1996 American television sitcom

Townies is an American television sitcom that aired on ABC from September 18 to December 4, 1996. Created by Matthew Carlson, the series stars Molly Ringwald, Jenna Elfman, and Lauren Graham.

==Synopsis==
Set in Gloucester, Massachusetts, Townies follows the lives of three 20-something lifelong friends who work in a restaurant together. No matter how badly they want to leave for the big city, something is always tying them down.

==Cast==

Cast of Townies: Jenna Elfman, Molly Ringwald, and Lauren Graham

- Molly Ringwald as Carrie Donovan
- Jenna Elfman as Shannon Canotis
- Lauren Graham as Denise Garibaldi Callahan
- Bill Burr as Ryan Callahan (credited as 'Billy Burr')
- Ron Livingston as Kurt Pettiglio
- Dion Anderson as Mike Donovan
- Conchata Ferrell as Marge
- Lee Garlington as Kathy Donovan
- Joseph D. Reitman as Jesse
- Jeff Doucette as Steve

==Episodes==
Production codes were taken from the United States Copyright Office.

| No. | Title | Directed by | Written by | Original release date | Prod. code |
|---|---|---|---|---|---|
| 1 | "Townies" | Pamela Fryman | Matthew Carlson | September 18, 1996 | 101 |
| 2 | "The Good Job" | Pamela Fryman | Matthew Carlson | September 25, 1996 | 102 |
| 3 | "The Kiss" | Pamela Fryman | Linwood Boomer | October 2, 1996 | 104 |
| 4 | "Dead Dogs Wag No Tails" | Pamela Fryman | Jill Condon & Amy Toomin | October 9, 1996 | 106 |
| 5 | "Faith, Hope & Charity" | Pamela Fryman | Laurie Parres | October 23, 1996 | 108 |
| 6 | "Adventures of Rebound Girl" | Pamela Fryman | Rob Hanning | October 30, 1996 | 107 |
| 7 | "Things That Go Bump in the Water" | Pamela Fryman | Bruce Rasmussen | November 6, 1996 | 109 |
| 8 | "It's Go Time" | Pamela Fryman | Bruce Rasmussen | November 13, 1996 | 110 |
| 9 | "Thanksgiving" | Pamela Fryman | Matthew Carlson | November 27, 1996 | 111 |
| 10 | "I'm With Stupid" | Pamela Fryman | Jill Condon & Amy Toomin | December 4, 1996 | 112 |
| 11 | "The Penalty Phase" | Pamela Fryman | Bruce Rasmussen | Never aired | 103 |
| 12 | "The Six-Month Itch" | Pamela Fryman | Jordan Hawley & William Schifrin | Never aired | 105 |
| 13 | "Christmas" | Pamela Fryman | Linwood Boomer | Never aired | 113 |
| 14 | "Things to Do in Gloucester When You Are Dead" | Pamela Fryman | Laurie Parres | Never aired | 114 |
| 15 | "The Life of Ryan" | Pamela Fryman | Rob Hanning | Never aired | 115 |

== Reception ==
On the review aggregator website Rotten Tomatoes, 30% of 10 critics' reviews for the first season are positive.

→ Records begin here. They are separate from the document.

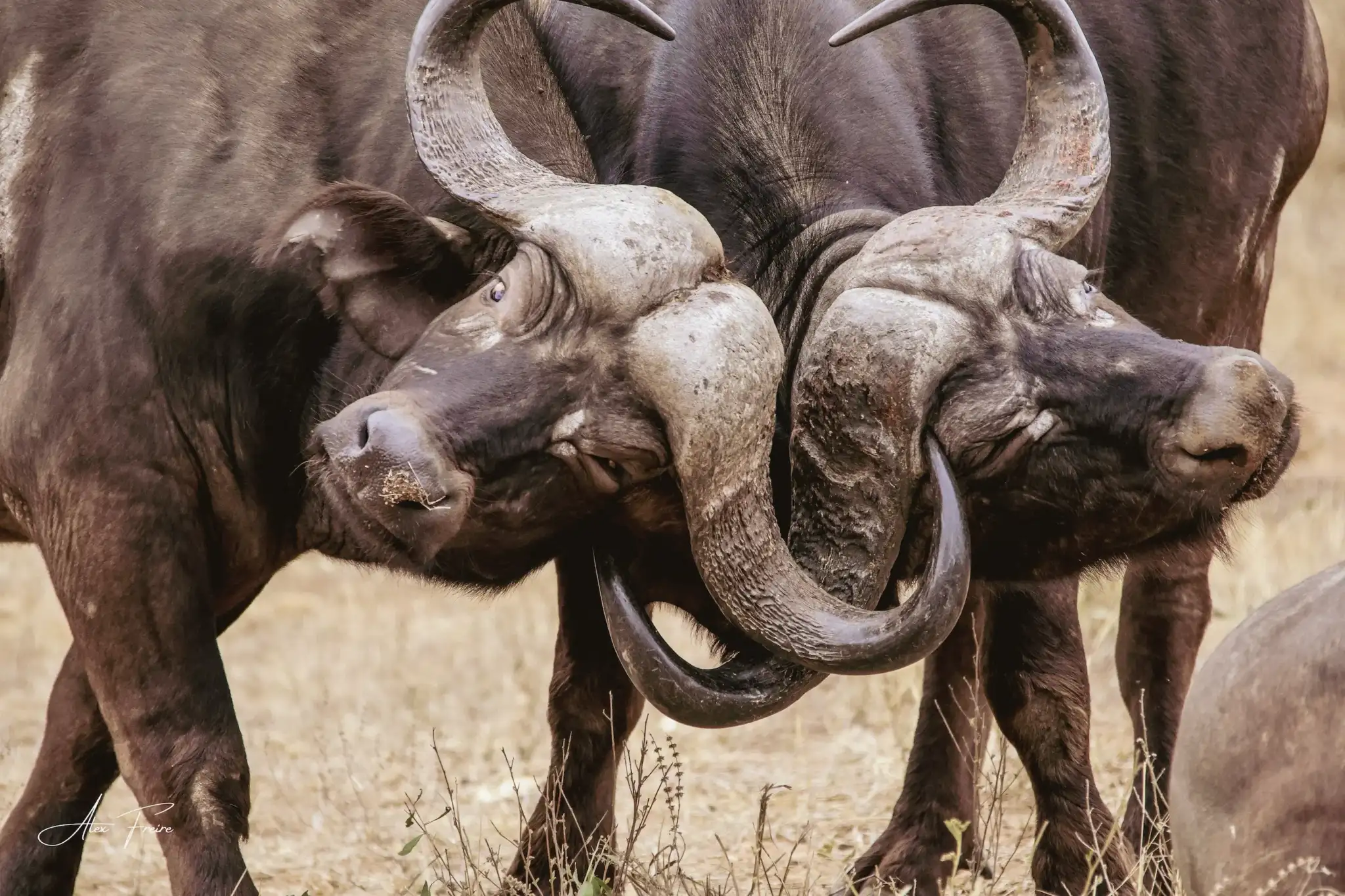 Alex Freire Guia em Português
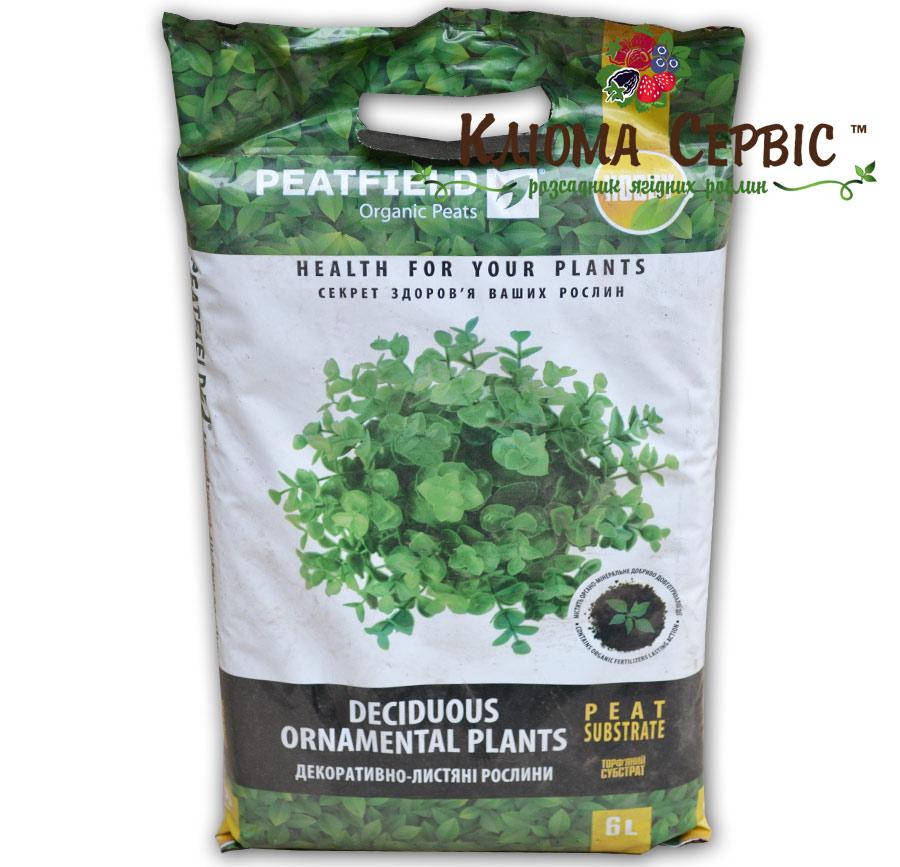 Торфяной субстрат «Для декоративно-лиственных растений», 6 л PEATFIELD 
Торфяной субстрат «Для декоративно-лиственных растений», 6 л PEATFIELD
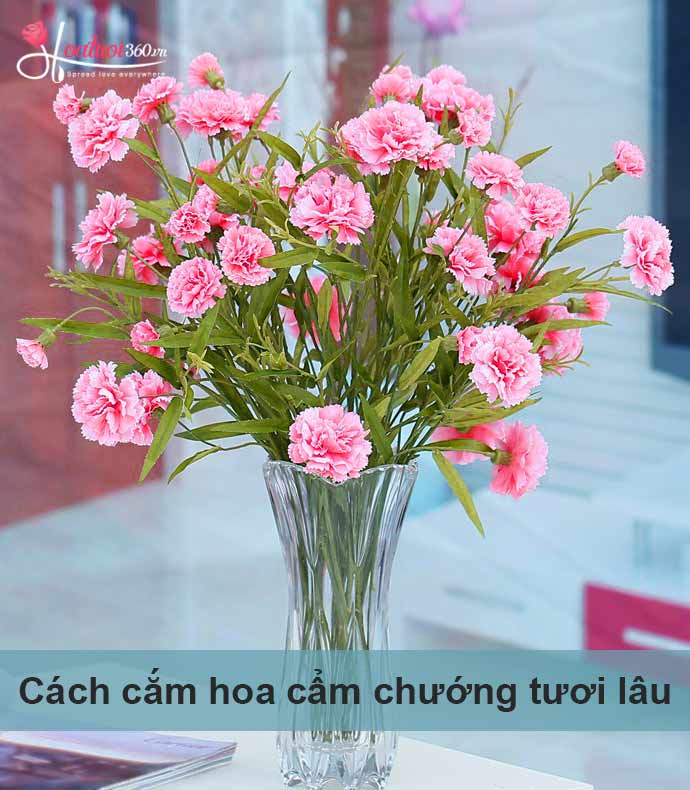 Hướng dẫn ghép hoa cẩm chướng với chậu hoa để bàn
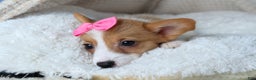 Welsh Corgi Pembroke dogs for sale: Lexi - Ad 9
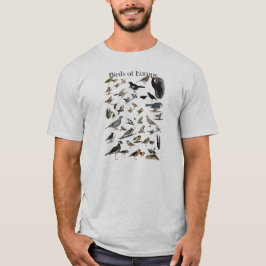 Pájaros de la camisa de Europa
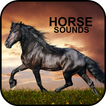 Horse Sounds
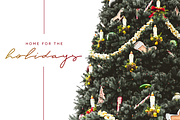Tehika Script + Bonus, a Script Font by Flycatcher Design (Thumbnail 2 of 6)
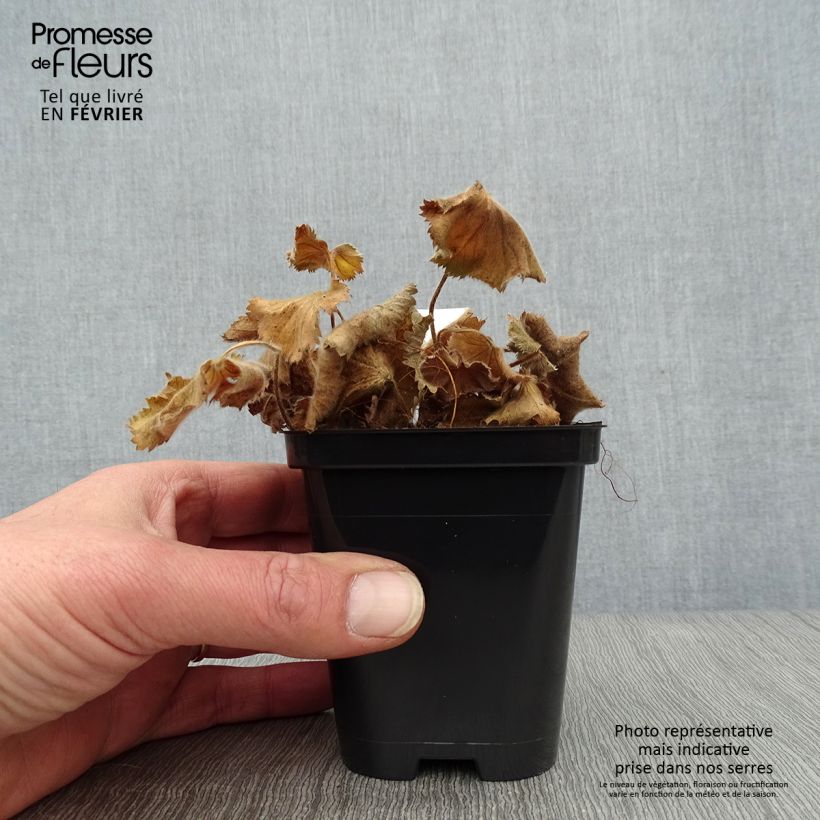 Example of Alchemilla mollis Thriller - Vrouwenmantel Kweekpotje van 8/9 cm as you get in hiver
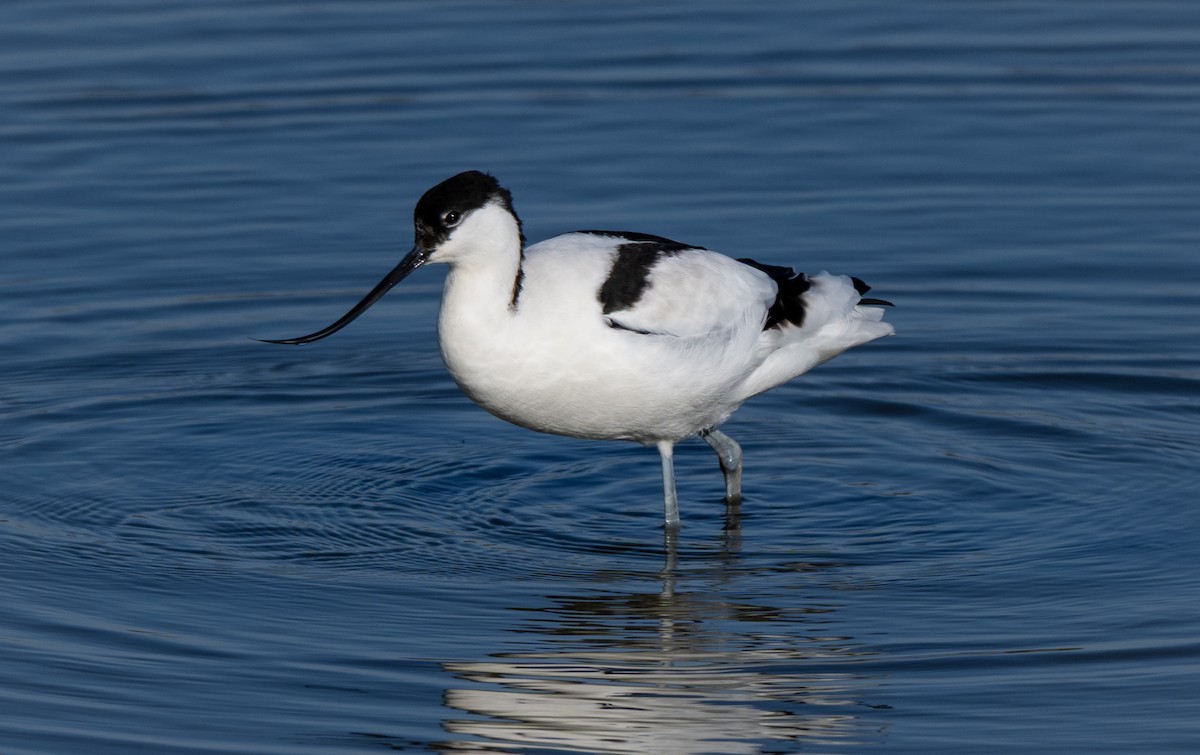 Pied Avocet - ML631713029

The website's consensus reads: "Those awaiting Molly Ringwald's comeback will be sorely disappointed by Townies, a listless comedy about arrested development that is juvenile in all the wrong ways." According to a Star Tribune review shortly prior to airing, the series relied heavily on sexual humor. The show is considered similar to Mystic Pizza, but is described as falling short.